However, as the poor have difficulty in making ends meet, any mental illnesses or developmental disabilities occurring in the family would impose an immense financial and psychological burden on them. And so the illness spirals downward.
The plight of the Native Americans shows the relationship between suicide and the destructive forces of prejudice and discrimination.
The American Psychological Association’s Monitor on Psychology (vol. 38, 2007) revealed that “…After generations of displacement, forced assimilation, poverty and neglect, many American Indians are trapped in a cycle of hopelessness that often leads to substance abuse, violence and in many cases suicide. The suicide rate for American Indians is two and a half times higher than the national average…”
The chronic socioeconomic deprivation of the Indian community has been well articulated in the article ‘Sad road to Seetha’s suicide’ by Helen Ang (Malaysiakini, Nov 18, 2009). It depicts how a community has been broken up since the 1980s when the plantations were fragmented and workers evicted, with the effect that the young generation was displaced to urban settlements and creating slums.
Social support, social reform
Deprivation has not only a material but a psychological dimension as well.

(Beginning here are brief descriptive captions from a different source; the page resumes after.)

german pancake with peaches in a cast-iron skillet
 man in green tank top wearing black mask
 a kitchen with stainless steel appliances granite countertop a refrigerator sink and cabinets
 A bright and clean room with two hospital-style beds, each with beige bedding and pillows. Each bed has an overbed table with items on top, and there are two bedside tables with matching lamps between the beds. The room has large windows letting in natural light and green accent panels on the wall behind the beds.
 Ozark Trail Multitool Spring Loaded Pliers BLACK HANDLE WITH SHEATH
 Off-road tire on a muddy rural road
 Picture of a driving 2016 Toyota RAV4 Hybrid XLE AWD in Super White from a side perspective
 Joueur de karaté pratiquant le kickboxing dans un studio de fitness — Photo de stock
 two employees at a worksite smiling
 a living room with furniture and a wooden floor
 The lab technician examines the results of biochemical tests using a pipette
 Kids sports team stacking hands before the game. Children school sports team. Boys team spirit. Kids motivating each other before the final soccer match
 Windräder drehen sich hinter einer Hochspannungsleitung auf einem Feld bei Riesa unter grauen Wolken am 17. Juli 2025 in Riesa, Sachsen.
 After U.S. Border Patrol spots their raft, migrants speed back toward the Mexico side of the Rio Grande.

Breaking up a community humiliates and shames its members. This institutionalized coercion also deprives the socially dispossessed of their dignity, self-respect and ethnic pride as a minority.
This is the hidden injury of the underclass. When we look deep into the Indian problem, we find that it is a question of human desire to seek dignity. When we look deep into the human problem, we meet the Indian problem. Suffering is suffering is suffering; it doesn’t really matter what you label it.
To understand and to intervene in suicide, we need to know the underlying causes and the precipitating causes.
If we attribute the causes to only within Seetha, we are just blaming the victim. If it is all her fault, then there is no necessity to identify the causes of suicide or to prevent future occurrences. However, if we attribute causes existing external to her, then there is the necessity of providing social support, of advocating social reforms.
Bullets can kill criminals or even the innocents but not the social conditions that create shame and violence. Racial discrimination inflicts deep psychological scars of shaming upon the psyche of the discriminated. Ultimately, it is socioeconomic equity, not structural violence or coercion, that will reduce shame and hence violence.
Psycho-socio education on suicide and suicide intervention is important for the public so that those in need are not socially isolated, especially when mental illness still remains a stigma.
Also of critical importance is keeping intact and functional the spiritual and cultural traditions of the ethnic minorities. It is these traditions that provide effective coping mechanisms for maintaining the dignity and self-respect of the group.
And it is these mechanisms that can help in healing the scourge of racial discrimination when a small community is broken by big government and big business.